Need to find the second derivative of:

[619snake]

f(x)= 1/125(e^5x)(5x-2)I think this is the first derivative but I ain't good at math and gives me some headaches I used the product rule.. but still I have doubts =(

f '(x)= 1/125(5)(e^5x)(5x-2) + (5)(1/125(e^5x)

Please help me!
I need to understand how to do this

 

[Raskolnikov]

Assuming you have f(x) = \frac{1}{125}e^{5x}(5x - 2), you need to apply the product rule.

Given f(x) = g(x)h(x),

f'(x) = g'(x)h(x) + g(x)h'(x).

And you'll need the product rule again to find f''(x). Also, I'd leave the constant 1/125 out in front while taking the derivatives until the end.

 

[619snake]

Thanks Raskolnikov! Now I only need to identify which rule I need to use in each case.

 

[Raskolnikov]

f '(x)= 1/125(5)(e^5x)(5x-2) + (5)(1/125(e^5x)

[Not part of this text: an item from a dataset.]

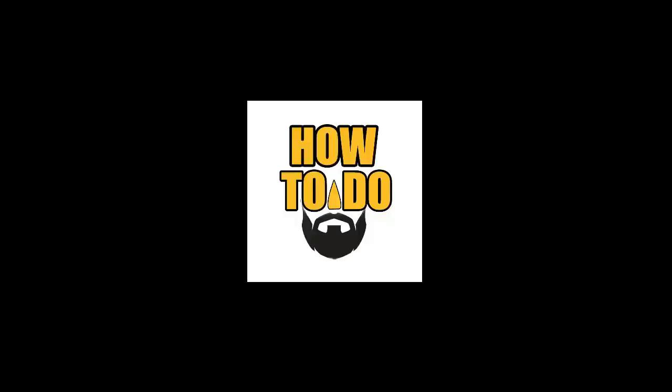Actually my English is not good, but I hope you can understand this video tutorial. Thank you.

Yep, you got it right (though I think you're overloading on parentheses :P)! For the second derivative, you have to use the product rule again on the first term since it has both a factor of e^5x and a factor of (5x - 2). However, you don't need the product rule for the 2nd term since it's just e^5x.

Try to find f''(x). Just post whatever answer you get or where you're getting stuck, and I'll help you from there if you need.

 

[619snake]

I'm not sure about this... as I said.. I haven't mastered this rules and is getting really messed up

f"(x)= (\frac{1}{125})(25)e^{5x}(5x-2) + 5(\frac{1}{125}(5)e^{5x}) + (\frac{1}{125}(5)e^{5x})...

I don't know... think I got confused

 

[Raskolnikov]

Close! You forgot another factor of 5 on the last term. Don't worry, you'll get better with practice.

So it should simplify to:

f''(x) = \frac{1}{5}e^{5x}(5x - 2) + \frac{2}{5}e^{5x}.